Annual penetration and average purchase frequency were calculated for each category in the current study. (See Figure 1 for the resulting classifications.)
Sample of Cessation Cases
There were 377 cases from 365 brands that stopped advertising for at least one year (12 brands stopped advertising, restarted, and then stopped again). Of these, 197 cases ceased advertising for one year only, while 180 cases continued without advertising for two years, 91 cases continued for three years, and 34 cases continued for four years. Brands with cessations shorter than four years either resumed advertising or reached the final year of the dataset.
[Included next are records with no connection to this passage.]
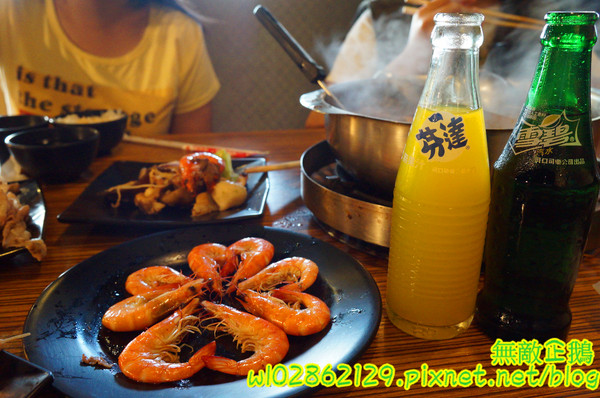 饗麻饗辣麻辣火鍋(台南中華店)：【台南-永康區】七股活蝦x吃到飽...吃火鍋+丼飯~大甲芋頭/麻辣鴨血/玉米超甜《饗麻饗辣麻辣火鍋》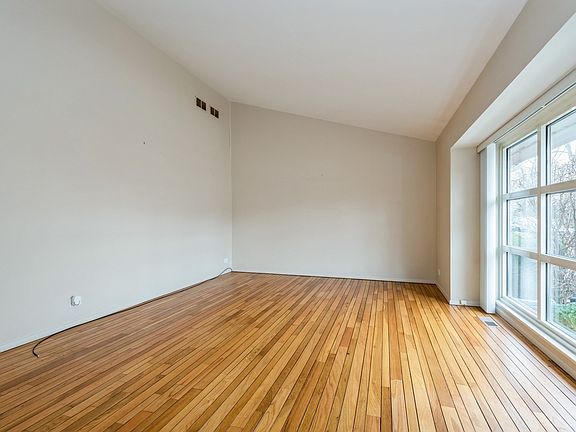 4th image of 719 Carriage Hill Dr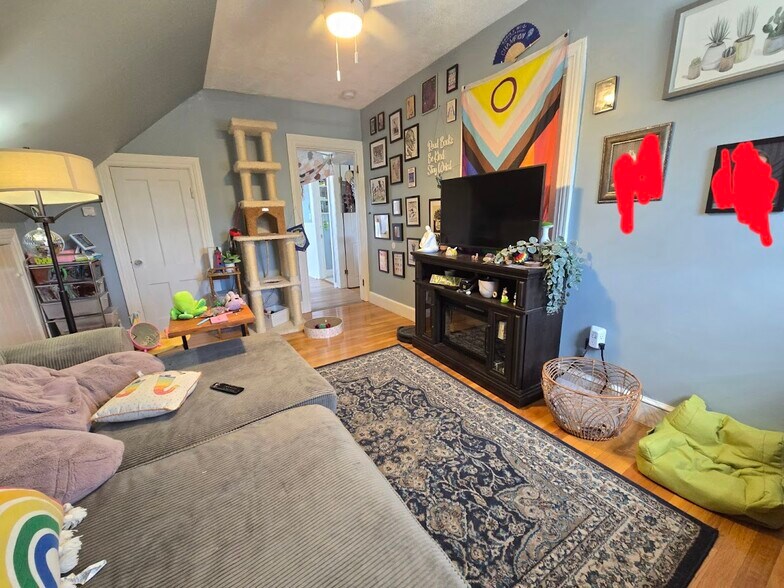 Living Room - 272 Division St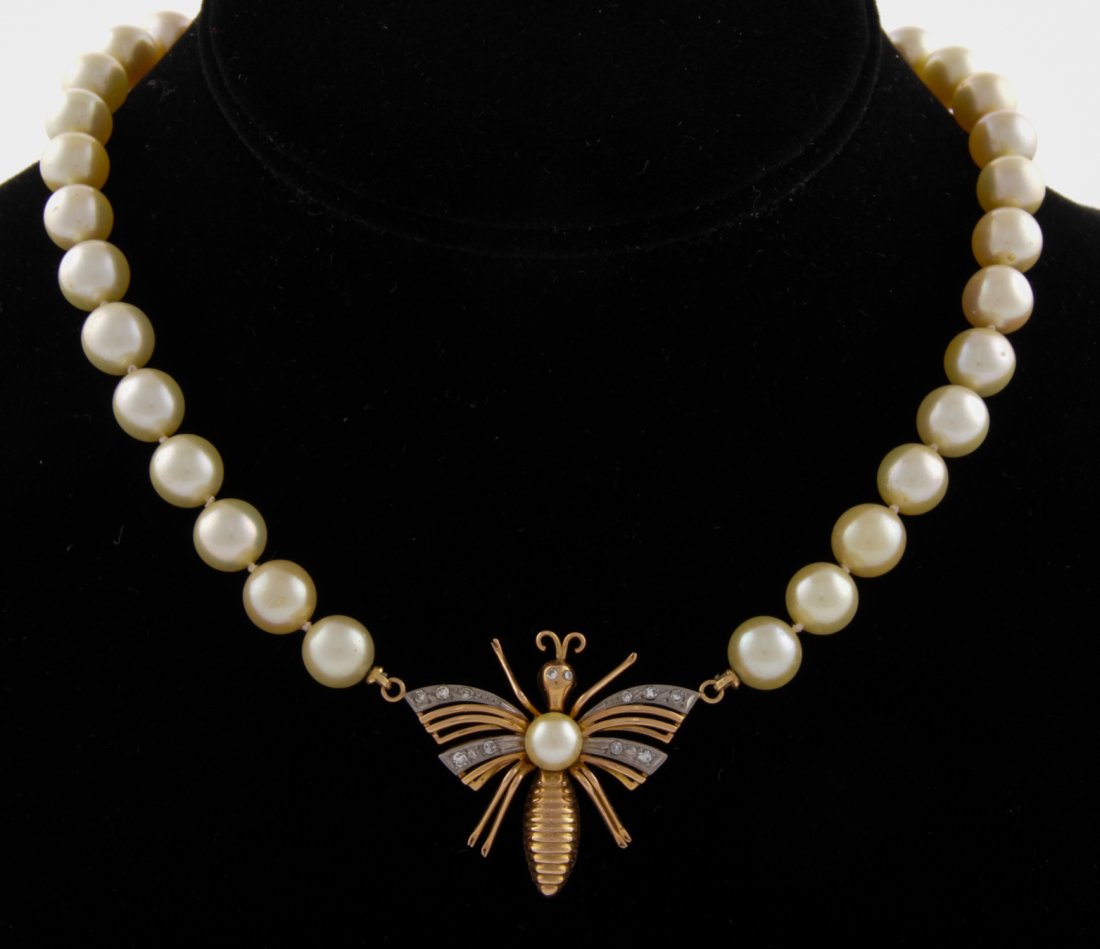 Large Pearl Necklace Choker with 14K Gold and Diamond: Large Pearl Necklace Choker with Gold and Diamond Wasp. Marked 14K. 15.5"L (39 cm). Showstopping Quality. 39.8 g. Since 1937, the The Silver Shop of Princeton, NJ was located at 59 Palmer Square West.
Different conditions are well represented across cases; although small brands outnumber large brands (72 percent versus 28 percent), there are nearly equal numbers from each of the trajectory groups (29 percent growing, 34 percent stable, and 37 percent declining), which means that all kinds of brands stop advertising (not just small or struggling brands). Categories are differentially represented, with more cases from skincare, haircare, and cereal categories. (See the Appendix for an outline of the full sample details.)
RESULTS
Market Share Trends after Advertising Stops
Results are reported in aggregate and by condition for each of the 22 categories (See Table 1). In the initial discussion, results were compared with the findings of Hartnett et al. (2021) (shown as sales volume change) to assess the generalizability of this new broader evidence with the initial work.
Mean market share indices show that brands generally lost market share after stopping advertising (See Table 1). On average, brands’ market share changed by −10 percent from the base year after one year without advertising (cf. −16 percent for sales volume in the original study), −20 percent after two years (cf. −25 percent for sales volume), −28 percent after three years (cf. −36 percent for sales volume), and −30 percent after four years (cf. −54 percent for sales volume). The average rate of share decline from year to year is consistent for the first three years. It decelerates in the fourth year: −10 percent in the first year (cf. −16 percent for sales volume), a further −10 percent (cf. −9 percent) from the first to second year, −8 percent from the second to third year (cf. −9 percent), and −2 percent (cf. −18 percent) from the third to fourth year.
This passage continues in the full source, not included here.